LIVRO: MEMÓRIAS DE UM CHÃO

CAPÍTULO 1

Bertolina e a Ladeira dos Moleques:

Há um tempo atrás li uma crônica que dizia: "Saudade não é falta, saudade é presença imortalizada dentro da gente". Pois bem, em meio a essa grande saudade e com boas e muitas lembrança que estão imortalizadas e que ao mesmo tempo assolam o meu coração por não poder revive-las na forma física, ao passo que, essa mesma saudade, me inspira para que podemos embarcar nas minhas mais relevantes MEMÓRIAS DE UM CHÃO chamado Barriguda.

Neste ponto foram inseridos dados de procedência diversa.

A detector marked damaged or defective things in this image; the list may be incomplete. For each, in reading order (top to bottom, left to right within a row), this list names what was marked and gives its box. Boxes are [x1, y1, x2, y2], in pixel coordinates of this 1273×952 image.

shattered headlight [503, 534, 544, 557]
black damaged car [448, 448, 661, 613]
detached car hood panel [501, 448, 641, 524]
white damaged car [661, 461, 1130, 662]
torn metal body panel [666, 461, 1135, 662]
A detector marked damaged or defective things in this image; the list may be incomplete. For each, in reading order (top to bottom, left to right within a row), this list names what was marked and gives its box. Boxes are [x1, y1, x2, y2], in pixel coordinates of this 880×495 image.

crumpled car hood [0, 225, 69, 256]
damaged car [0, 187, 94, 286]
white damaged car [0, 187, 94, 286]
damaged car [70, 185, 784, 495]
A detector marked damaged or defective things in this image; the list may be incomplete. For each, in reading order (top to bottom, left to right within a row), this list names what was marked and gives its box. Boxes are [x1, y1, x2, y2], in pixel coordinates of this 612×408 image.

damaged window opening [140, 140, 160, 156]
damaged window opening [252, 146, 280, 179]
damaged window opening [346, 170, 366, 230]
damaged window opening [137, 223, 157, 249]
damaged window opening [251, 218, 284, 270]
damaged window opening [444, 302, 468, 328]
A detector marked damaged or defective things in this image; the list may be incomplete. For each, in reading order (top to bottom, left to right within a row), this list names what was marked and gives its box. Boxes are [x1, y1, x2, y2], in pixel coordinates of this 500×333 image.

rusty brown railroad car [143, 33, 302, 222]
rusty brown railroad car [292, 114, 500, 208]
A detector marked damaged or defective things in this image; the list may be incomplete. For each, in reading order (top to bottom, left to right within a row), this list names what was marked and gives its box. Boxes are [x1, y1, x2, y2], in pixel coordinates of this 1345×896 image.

Começarei com as lembranças de um trecho da estrada vicinal que liga Gentio do Ouro a Barriguda, chamado de Bertolina, que, segundo meus avôs, a muitos anos ali morava um casal, Berto e Lina, e que a junção dos nomes, deu origem ao local, que também é conhecido como Reta. A questão enigmática e extremamente contestável era a origem desses nativos, como alguém poderia se instalar em uma região tão inóspita e de grande escassez de água. De sol forte, calor escaldante e o ar sobre a areia aquecida pelo rais solares emitia bafos em forma de brisa que sopravam um ar quente e desprazeroso. A bem da verdade, essa história não passa de um belo factoide milenar, criado sabe lá por quem, más que veem sendo transmitido oralmente de geração pra geração.

Por lá também teve outros moradores, Seu Agenor com a sua esposa dona Alice e o Seu Antônio Perigo também com a sua cônjuge dona Maria, em verdade e na prática, talvez os únicos, porém, quem eu tive a honra e o privilegio de conhecer foi o grande senhor Perigo, homem negro de estatura alta, barba rala, cabelos pouco esbranquicados e de postura ocifose  ou simplismente corcunda, talvez decorrente do efeito do avançar dos anos.

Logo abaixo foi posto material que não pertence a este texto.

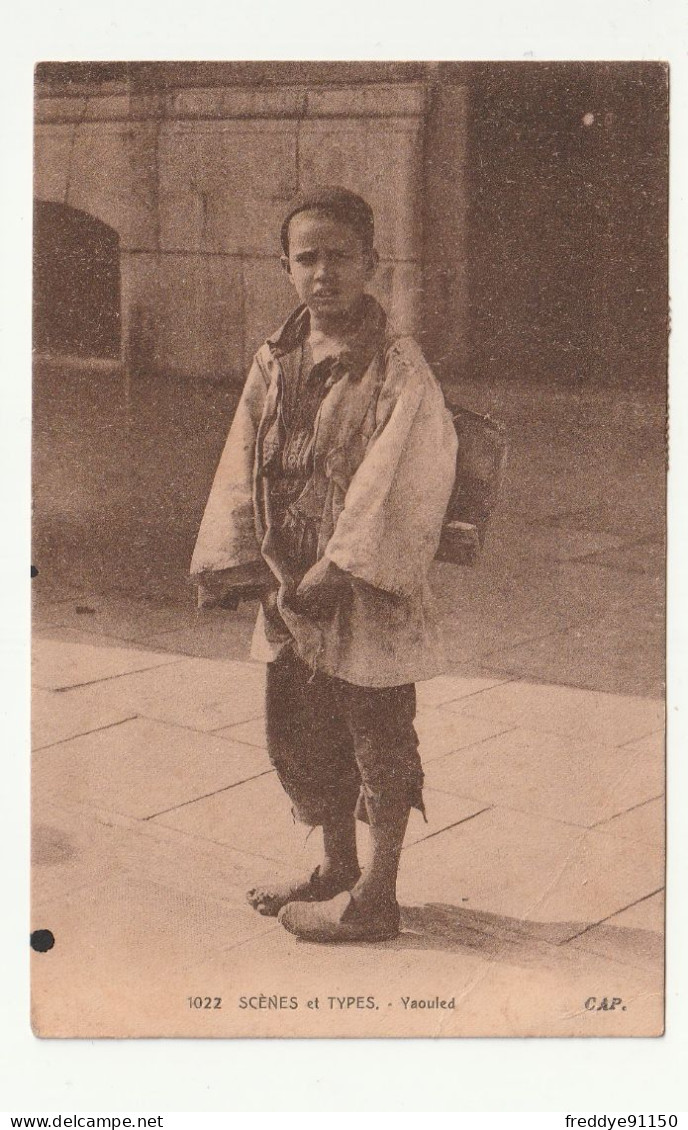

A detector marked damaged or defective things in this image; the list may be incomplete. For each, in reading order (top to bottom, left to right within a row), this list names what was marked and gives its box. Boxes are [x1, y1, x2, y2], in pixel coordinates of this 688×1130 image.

Ainda hoje, a curiosidade me aguça para saber o real motivo para o afamado apelido que infundia em temor e ameaça a todos que não o conhecia, pois sem sombra de dúvidas, ele não fazia jus a fama da alcunha, pelo contrário, Seu Perigo era um homem de grande coração, tinha humildade e generosidade tão quanto a sua estatura física. De voz mansa, arrastada e pouco anasalada, já demostrava todo o seu nível de paciência e tolerância, nele parecia não existir nenhuma agressividade ante a qualquer adversidade frente as injustiças da vida. 

Até hoje, ao passar em frente ao local onde existia a antiga casa do Seu Perigo, um fato memorável que se reproduzir como um bom e intemporal filme que simplismente explode na minha mente remetendo as recordações das nossas idas ao Gentio do Ouro todas as sextas, quando ao passamos pela moradia do Seu Perigo, buzinar era quase que um ritual obrigatório, essa forma de comunicação também era acompanhada por todos que estavam a bordo, e, que em alto e bom som, gritavam: eeeeeiiiiiiii, Seu Perigo!

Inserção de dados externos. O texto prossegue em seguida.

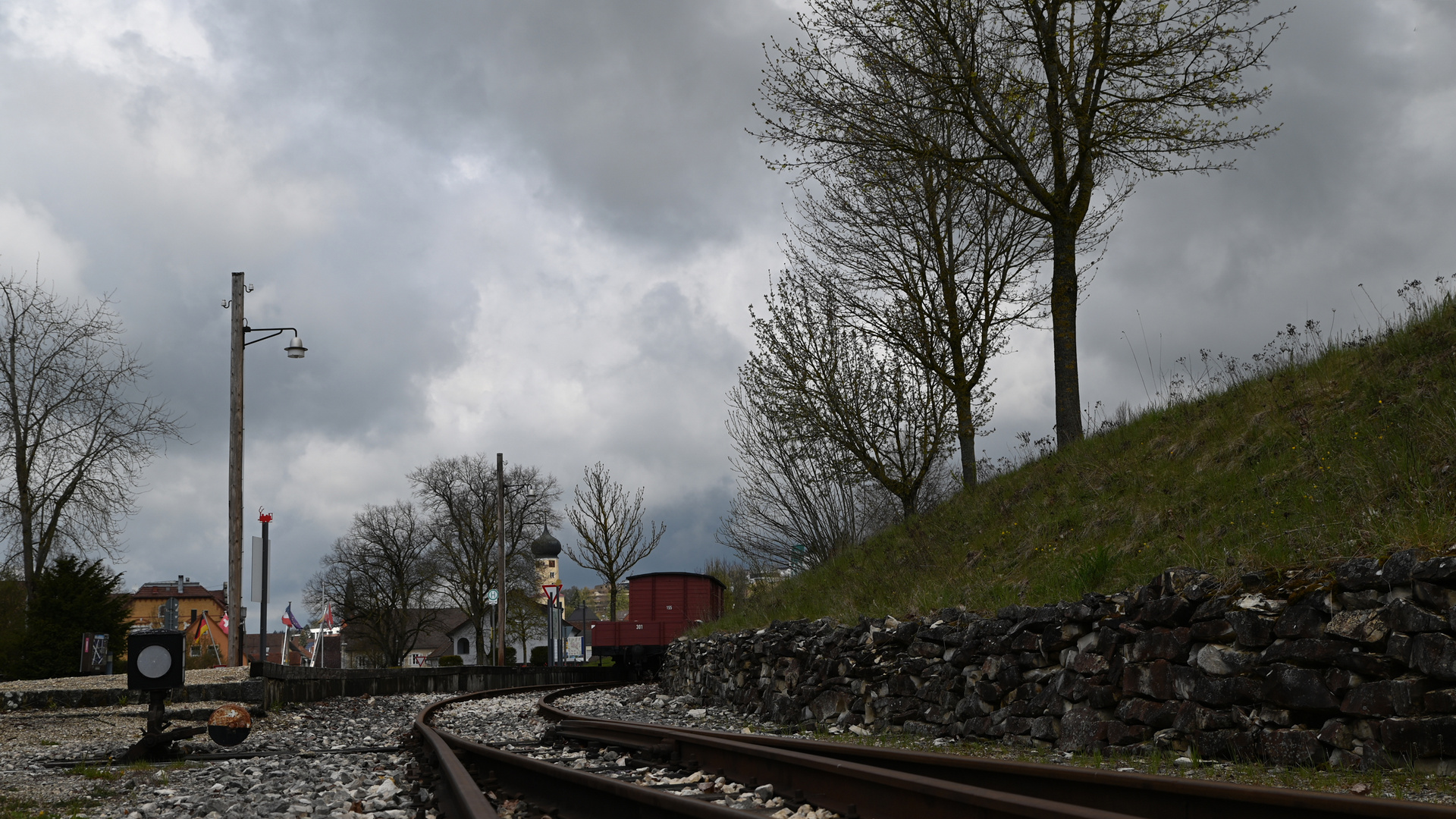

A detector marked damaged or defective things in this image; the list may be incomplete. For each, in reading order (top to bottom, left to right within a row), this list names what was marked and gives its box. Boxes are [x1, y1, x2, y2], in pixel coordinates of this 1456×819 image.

rusty steel rail [538, 690, 1456, 816]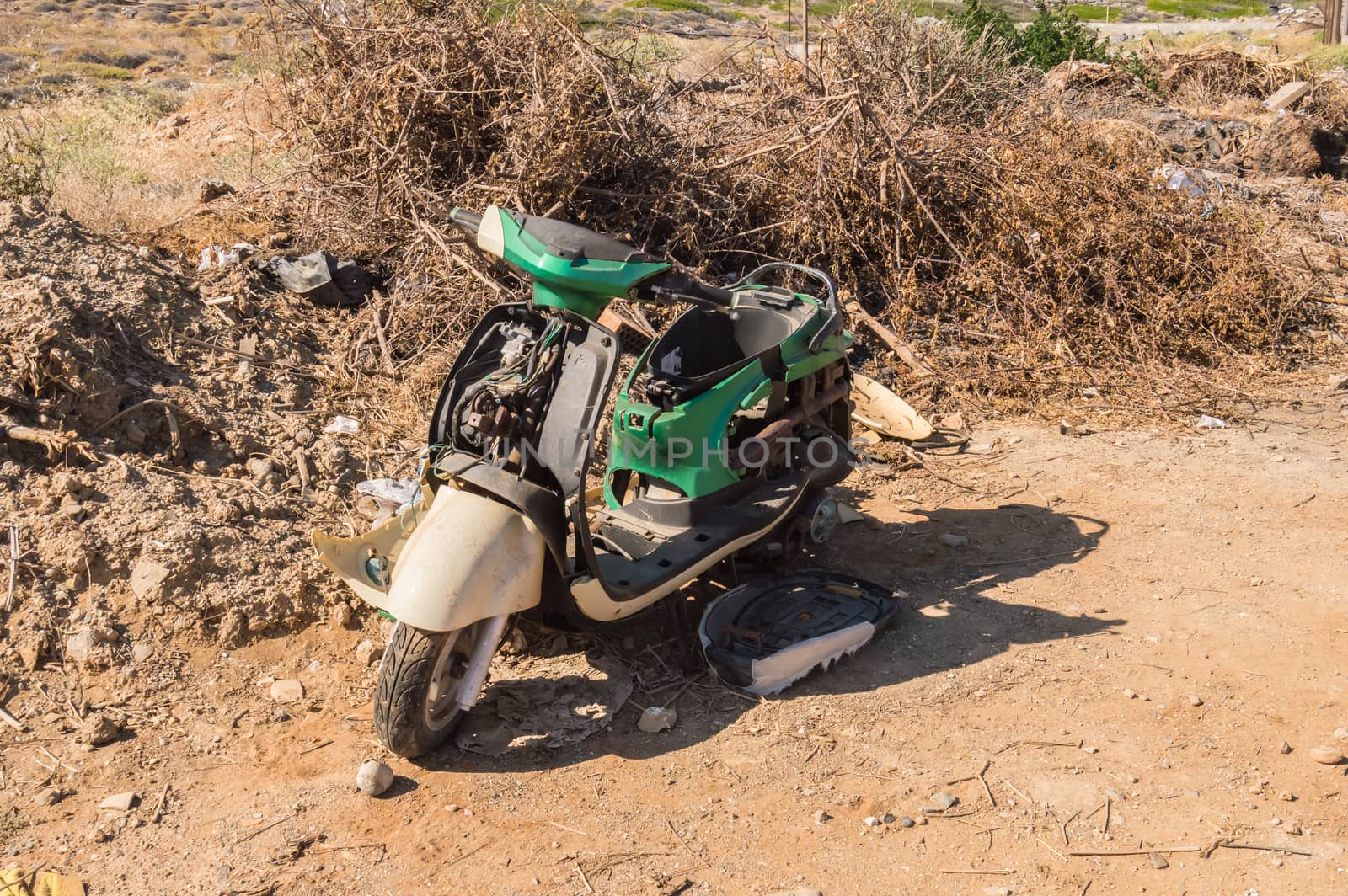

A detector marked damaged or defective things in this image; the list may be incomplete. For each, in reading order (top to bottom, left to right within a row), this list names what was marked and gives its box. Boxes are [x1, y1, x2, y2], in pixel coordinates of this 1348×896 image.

wrecked green scooter [317, 208, 853, 755]
broken fairing [701, 569, 903, 697]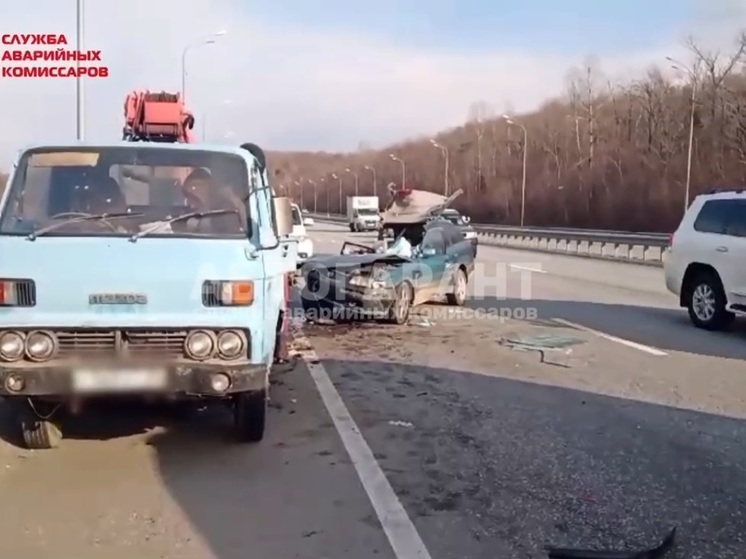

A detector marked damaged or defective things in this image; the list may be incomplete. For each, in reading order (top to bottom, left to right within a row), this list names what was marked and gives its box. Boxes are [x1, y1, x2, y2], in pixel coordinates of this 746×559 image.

shattered car part [540, 528, 676, 559]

Porém, devido a intensidade do vento e a velocidade do carro, não era possível ouvi-lo, más, em meio a vegetação, embalado ao sobe e desse do carro ao passar pelos murundus e por trás de uma vasta e espessa cortina de poeira, era possível enxerga-lo em um leve e demorado aceno com o braço que consistia no levantar da mão direita em repetidos movimentos dos dedos em riste para um lado e para outro. A cena se perdia na sinuosidade da estrada.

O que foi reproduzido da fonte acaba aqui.